The first this was pointed out to me was by my friend Alex. One of the afternoons that I was still heaving up liquids (whatever I could swallow to satiate the thirst) I suppose I fell asleep mid-day and when I semi-woke I heard his voice outside my window. I swear it was so vivid and real. I began texting him at some point (fully believing he had traveled to Forest Hills with one of his kids and later believing his wife was also here.) An entire handful of hours played out wherein I let him into my apartment, he and his wife and she was aggressive at me for no apparent reason, saying extremely rude and sharp things about me loud enough for me to overhear. This episode stretched for hours. It was so fucking real, though. His voice, his wife's voice, their physical presence in my apartment. So I guess Alex was receiving all of these cryptic texts from me (real) that he was perplexed by (why wouldn't he be?) and finally the entire thing ended, for me, and I fell asleep hard.

The next scene is worse, still, but I don't have the emotional energy to narrate that now. I will. Again, this is embarrassing, because I lost complete control of my mind to physical depletion. 

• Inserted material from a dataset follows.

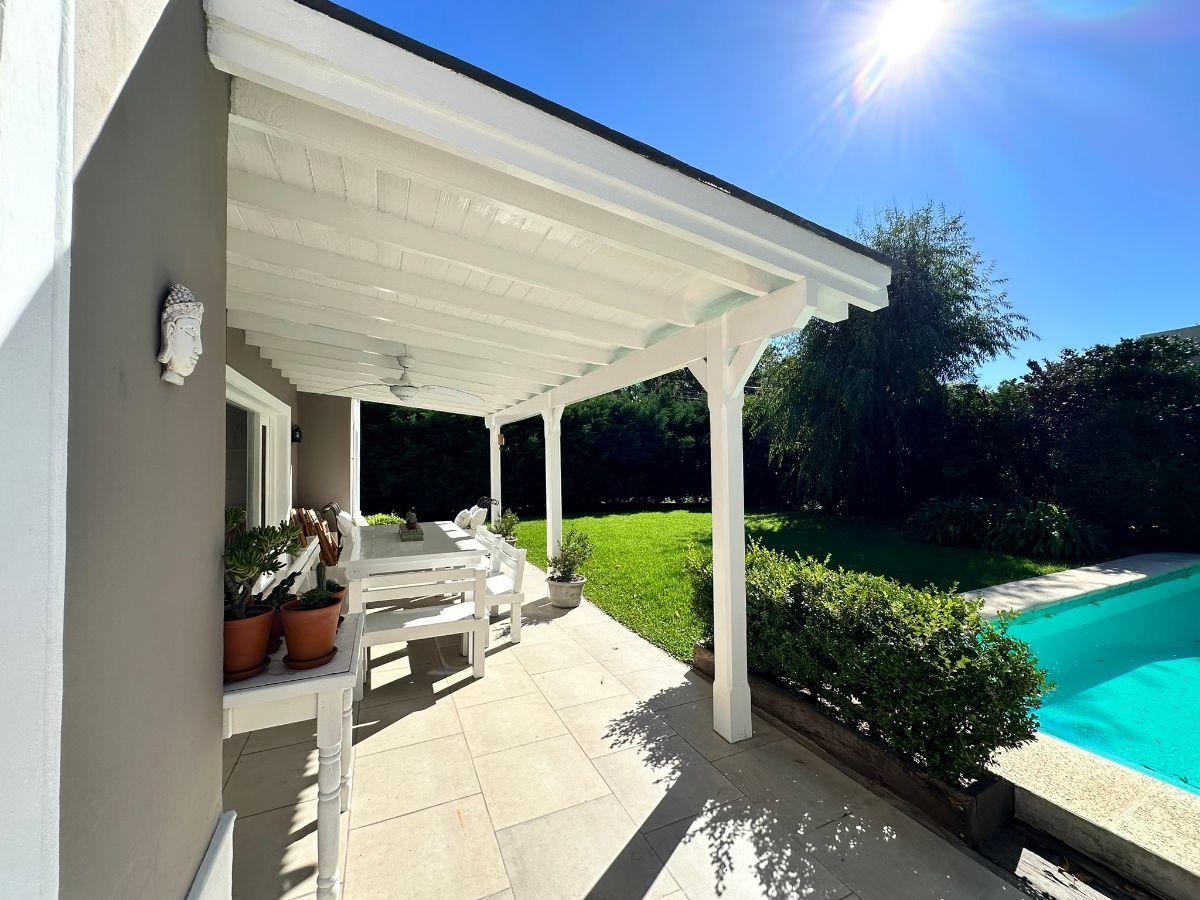 Foto de Casa 6 ambientes en venta barrio El Buen Retiro, Pilar con jardin y, imagen 1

Alex called me a day later and wanted to let me know what had elapsed. He admitted he didn't know how to approach the event, because he didn't want to seem abrupt or invasive in his explanation of the unfolding of the hours to me. He was like, Kristin, have you ever been alone for this long? I mean, no? I've been alone most of my life, moving around alone but I've always had social interaction of some variety, selected by me when and at what capacity. 

He talked to me about possible culprits: lead poisoning in my water from old apartment building pipes? Food poisoning? And we talked for a while but all I could think to myself was, No, Alex, you were really here, you were right outside on the sidewalk of my apartment. He was like, KB, no, I was in Jersey that entire time. 

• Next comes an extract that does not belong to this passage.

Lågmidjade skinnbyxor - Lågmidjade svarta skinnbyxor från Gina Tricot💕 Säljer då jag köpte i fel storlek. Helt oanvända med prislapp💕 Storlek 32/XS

Oh, Pandemic. Thanks for giving me some of the most terrifying moments of my life. I can't even tell anyone now. I've wanted to. I've almost. Rob needs to know this because I texted him that night that Alex had been here. I wasn't lying to you, Rob. I sincerely believed it. I didn't tell my therapist this past Saturday on our phone session. She's going to be upset that I will have waited too long to tell her.

Delusions? Dementia? Broken brain? What the fuck happened to me?

The story continues, yet, as I mentioned, I can't dig deeper into it yet. This was just a skim of the surface of how I was attacked emotionally and mentally and how rising up is the only option moving forward.

My favorite texts late this evening:

Me: "I have a head of cauliflower to contend with. I can't decide what preparation I want. It was an impulse buy, really. I haven't had cauliflower in ages."
Rob: "I love cauliflower."

Of course he does. 

I need to tell him this stuff from being sick. Despite the seeming gulf between us, he is still the person I love the most in the universe right now.